Detroit's Digital Divide Not Due to Race
Prof. Wayne Baker finds disparities in income, education and age are key factors.
ANN ARBOR, Mich. The digital divide in the Detroit areaone of the most racially segregated regions in the countryis based not on race but disparities in income, say University of Michigan researchers.
"African Americans are not significantly less likely than others to use a computer," said Wayne Baker, professor of management and organizations at the Michigan Business School and faculty associate at the U-M Institute for Social Research (ISR). "Moreover, race does not predict either the number of computers used at home or the frequency of computer use. While some analysts of the digital divide might expect otherwise, race appears not to be the crucial variable in structuring Detroit's digital divide."
Using data from the 2003 Detroit Area Study, Baker and colleague Kenneth Coleman, an ISR faculty associate in the Center for Political Studies, found that 75 percent of residents in Wayne, Macomb and Oakland counties use a computer and 68 percent use the Internet.
The researchers found that computer and Internet usage has a positive impact on social interaction. For example, users of e-mail are nearly three times as likely to visit the home of someone from a different neighborhood and 1.5 times as likely to socialize with someone of a different race.
"This suggests that the new information and communication technologies may help to overcome the barriers of race and space, even in an urban system that is as severely segregated as the Detroit region," Baker said. "In contrast, the 'old' communication technologies (like telephones) do not appear to have an influence."
According to the study, 67 percent of African Americans (compared with 78 percent of whites and other groups) use a computer and 53 percent use the Internet (compared with 73 percent of whites and other groups). Both of the percentages for computer and Internet use are above the national averages of 56 percent and 40 percent, respectively, for African Americans.

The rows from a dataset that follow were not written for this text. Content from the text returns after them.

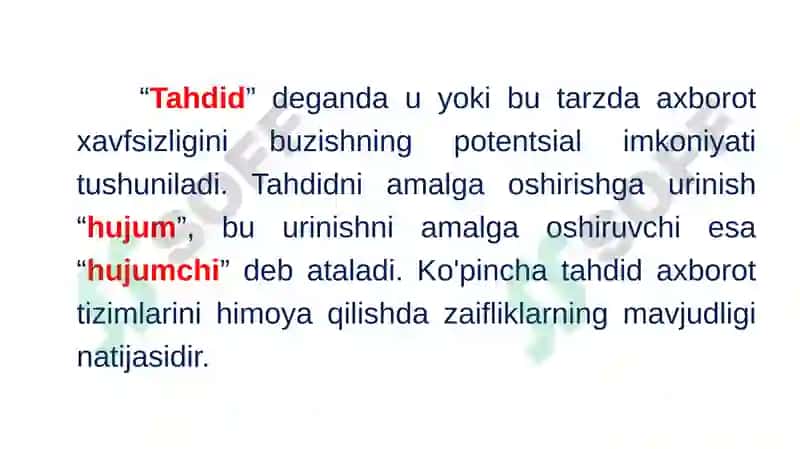Axborot xavfsizligi 2
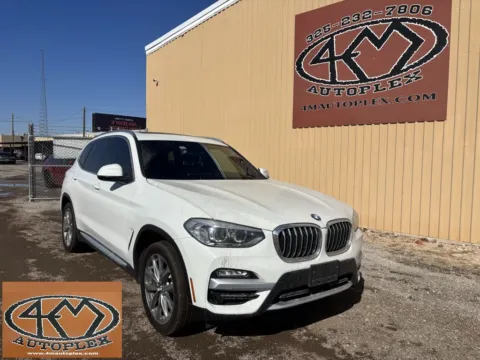 White 2019 BMW X3 sDrive30i for sale in Abilene, TX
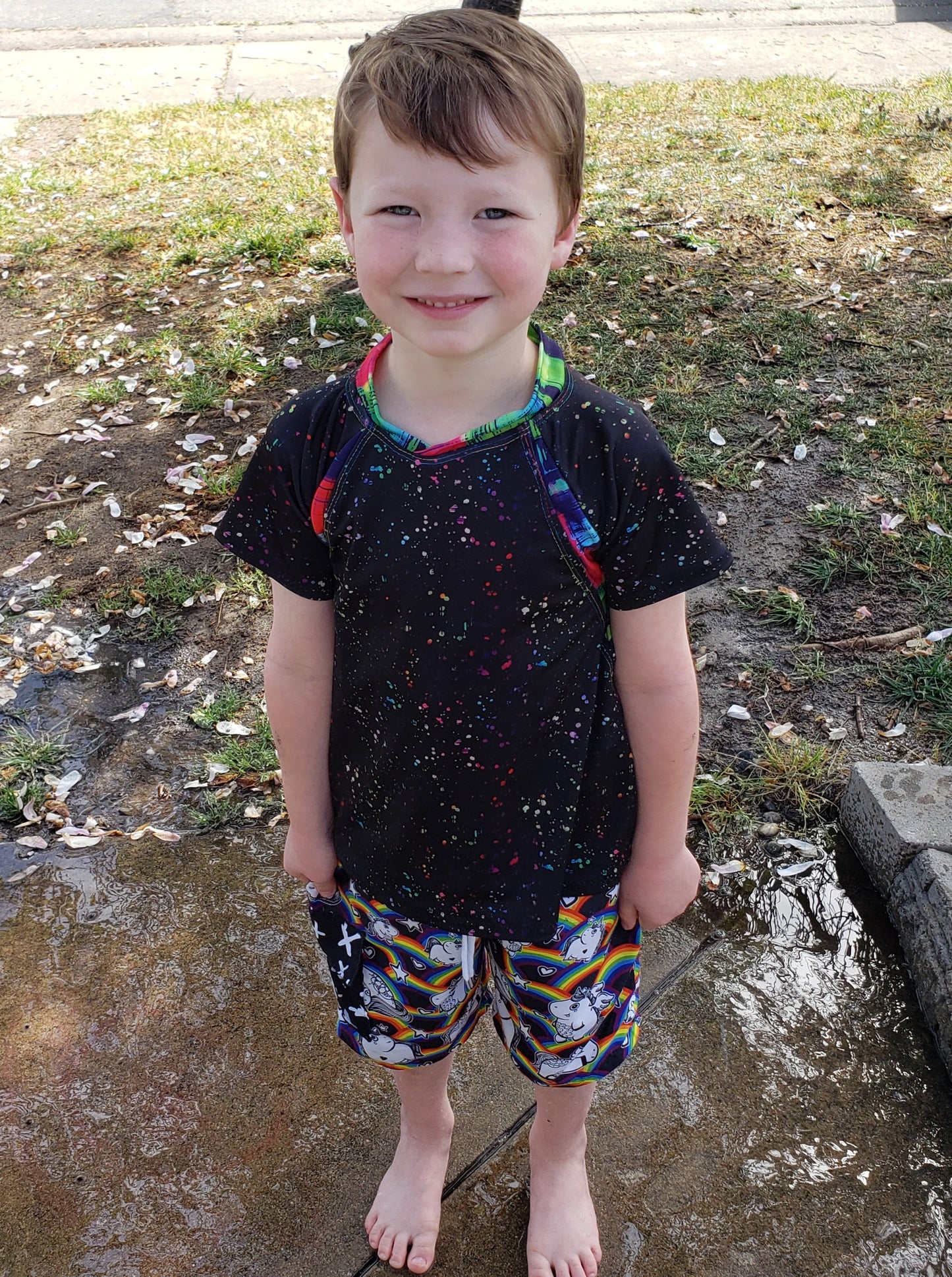 Kids Rockin Raglan Tee - Multiple options available - Short Sleeve, Gathered Sleeve, Long Sleeve Digital PDF Sewing Pattern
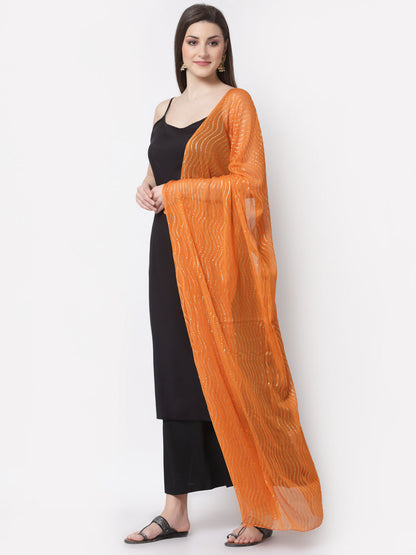 Women's Stylish Rayon Square Neck Sleeveless Solid Kurta Palazzo Dupatta Set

Income, however, is the single biggest predictor of computer and Internet usage in the Detroit area, the researchers say.
"From the lowest income category of under $20,000 through the highest of more than $50,000, the growth in computer and Internet usage is quite dramatic," Coleman said. "More than three times as many in the highest income group connect to the Internet, compared to those in the lowest group."
Among those earning less than $20,000, roughly 35 percent use a computer and 23 percent use the Internet, while among those making at least $50,000, more than 80 percent use a computer and the Internet, the study shows.
Like income, education plays a significant role in contributing to the digital divide, the researchers say. More than 90 percent of college graduates use a computer and the Internet, while only about 40 percent of those without a high school diploma use either. A little more than half of high school graduates use a computer and just under half use the Internet.
Perhaps not surprisingly, about 83 percent of metro Detroiters ages 18-54 use a computer and roughly 80 percent of this group use the Internet. On the other hand, a much smaller 53 percent of those 55 and older use a computer and only 40 percent of this older age group use the Internet.
Baker and Coleman also analyzed 10 different Internet activities of Detroit-area computer Web users and found few significant differences among African Americans and other Internet users or between Detroit and suburban residents.
They did find, however, that African Americans are four times more likely to use the Internet to look for a new job or to explore career opportunities and five times more likely to use it to interactively discuss political and social issues. But African Americans are less likely than whites and others to participate in online chat rooms.
"These findings about African Americans using the Internet for employment and career searches suggest that the Internet may be a means to overcome racial and residential barriers," Coleman said.
This pattern of usage, the researchers say, is crucial in an area that lacks an effective public transportation system to connect the suburbs with the inner city.
"Knowing where the jobs are is essential to pursuing jobs," Baker said. "A significant part of social exclusion is employment-based. The Internet appears already, in metropolitan Detroit, to be affording a tool with which to attack this dimension of social exclusion."